This example is described in the readme.

package main

import (
	"fmt"
	"strconv"
	"unicode"

	"github.com/askeladdk/prattle"
)

type driver struct {
	stack []int
}

func (d *driver) push(i int) {
	d.stack = append(d.stack, i)
}

func (d *driver) pop() (i int) {
	n := len(d.stack)
	i, d.stack = d.stack[n-1], d.stack[:n-1]
	return
}

func (d *driver) number(p *prattle.Parser, t prattle.Token) error {
	n, _ := strconv.Atoi(t.Text)
	d.push(n)
	return nil
}

func (d *driver) add(p *prattle.Parser, t prattle.Token) error {
	// First parse the right hand operator.
	if err := p.Parse(d.Precedence(t.Kind)); err != nil {
		return err
	}

	right := d.pop()
	left := d.pop()
	acc := left + right
	fmt.Printf("%d + %d = %d\n", left, right, acc)
	d.push(acc)
	return nil
}

func (d *driver) Prefix(k int) prattle.ParseFunc {
	if k == 2 {
		return d.number
	}
	return nil
}

func (d *driver) Infix(k int) prattle.ParseFunc {
	if k == 1 {
		return d.add
	}
	return nil
}

func (d *driver) Precedence(k int) int {
	return k
}

func (d *driver) ParseError(t prattle.Token) error {
	return fmt.Errorf("%s", t)
}

// This example is described in the readme.
func main() {
	scanner := prattle.Scanner{
		Scan: func(s *prattle.Scanner) int {
			// Skip whitespaces.
			s.ExpectAny(unicode.IsSpace)
			s.Skip()
			switch {
			case s.Done(): // Stop if the entire input has been consumed.
				return 0
			case s.Expect('+'):
				return 1
			case s.ExpectOne(unicode.IsDigit): // Read a number consisting of one or more digits.
				s.ExpectAny(unicode.IsDigit)
				return 2
			}

			s.Advance()
			return -1
		},
	}

	parser := prattle.Parser{
		Driver: &driver{},
	}

	source := "1 + 23 + 456 + 7890"
	scanner.InitWithString(source)
	if err := parser.Init(&scanner).Parse(0); err != nil {
		fmt.Println(err)
	}

}

Output:

1 + 23 = 24
24 + 456 = 480
480 + 7890 = 8370

Example (Sentence) ¶

This example demonstrates tokenising a sentence into words and punctuation.

package main

import (
	"fmt"
	"unicode"

	"github.com/askeladdk/prattle"
)

func main() {
	scan := func(s *prattle.Scanner) int {
		// Skip any whitespace.
		s.ExpectAny(unicode.IsSpace)
		s.Skip()

		// Return an appropriate token kind.
		switch {
		case s.Done(): // EOF
			return 0
		case s.ExpectOne(unicode.IsLetter): // Word
			s.ExpectAny(unicode.IsLetter)
			return 1
		case s.ExpectOne(unicode.IsPunct): // Punctuation
			return 2
		}

		// Unrecognized character.
		s.Advance()
		return -1
	}

	sentence := "I love it when a plan comes together!"

	s := (&prattle.Scanner{
		Scan: scan,
	}).InitWithString(sentence)

	for tok, ok := s.Next(); ok; tok, ok = s.Next() {
		fmt.Printf("[%d] %s\n", tok.Kind, tok.Text)
	}

}

Output:

[1] I
[1] love
[1] it
[1] when
[1] a
[1] plan
[1] comes
[1] together
[2] !

Index ¶

Variables
type AcceptFunc
- func OneOf(chars string) AcceptFunc
type Driver
type Iterator
type ParseFunc
type Parser
type Position
- func (p Position) IsValid() bool
- func (p Position) String() string
type ScanFunc
type Scanner
type Token
- func (t Token) String() string

Constants ¶

This section is empty.

Variables ¶

View Source

var NonAssoc error = errors.New("non-associative operator")

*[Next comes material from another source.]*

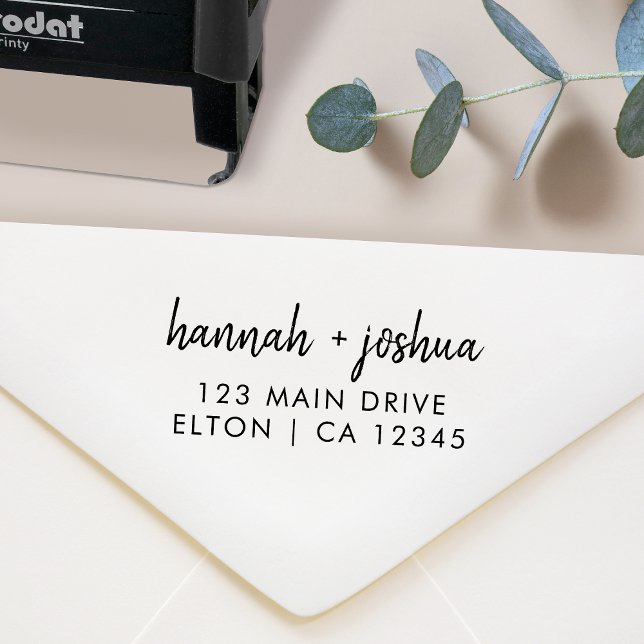 Return Address Stamp | Wedding Couple Names Script (Wedding couple name return address stamp by Guava, perfect for invitations and thank-you cards)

NonAssoc is returned by infix ParseFuncs to indicate that an operator is non-associative.

Functions ¶

This section is empty.

Types ¶

type AcceptFunc ¶

type AcceptFunc func(rune) bool

AcceptFunc accepts a rune.

func OneOf ¶

func OneOf(chars string) AcceptFunc

OneOf returns an AcceptFunc that reports whether a rune appears in chars.

type Driver ¶ added in v0.0.3

type Driver interface {
	// Infix associates an infix ParseFunc with a token.
	// Returning nil is a parse error.
	Infix(kind int) ParseFunc

	// Prefix associates a prefix ParseFunc with a token.
	// Returning nil is a parse error.
	Prefix(kind int) ParseFunc

	// Precedence associates an operator precedence with a token.
	// The higher the precedence, the tighter the token binds.
	Precedence(kind int) (precedence int)

	// ParseError is called by the Parser when it encounters a token that it cannot parse.
	ParseError(Token) error
}

Driver drives the parsing algorithm by associating tokens to parser functions. It is expected to hold the parse state and results like the syntax tree.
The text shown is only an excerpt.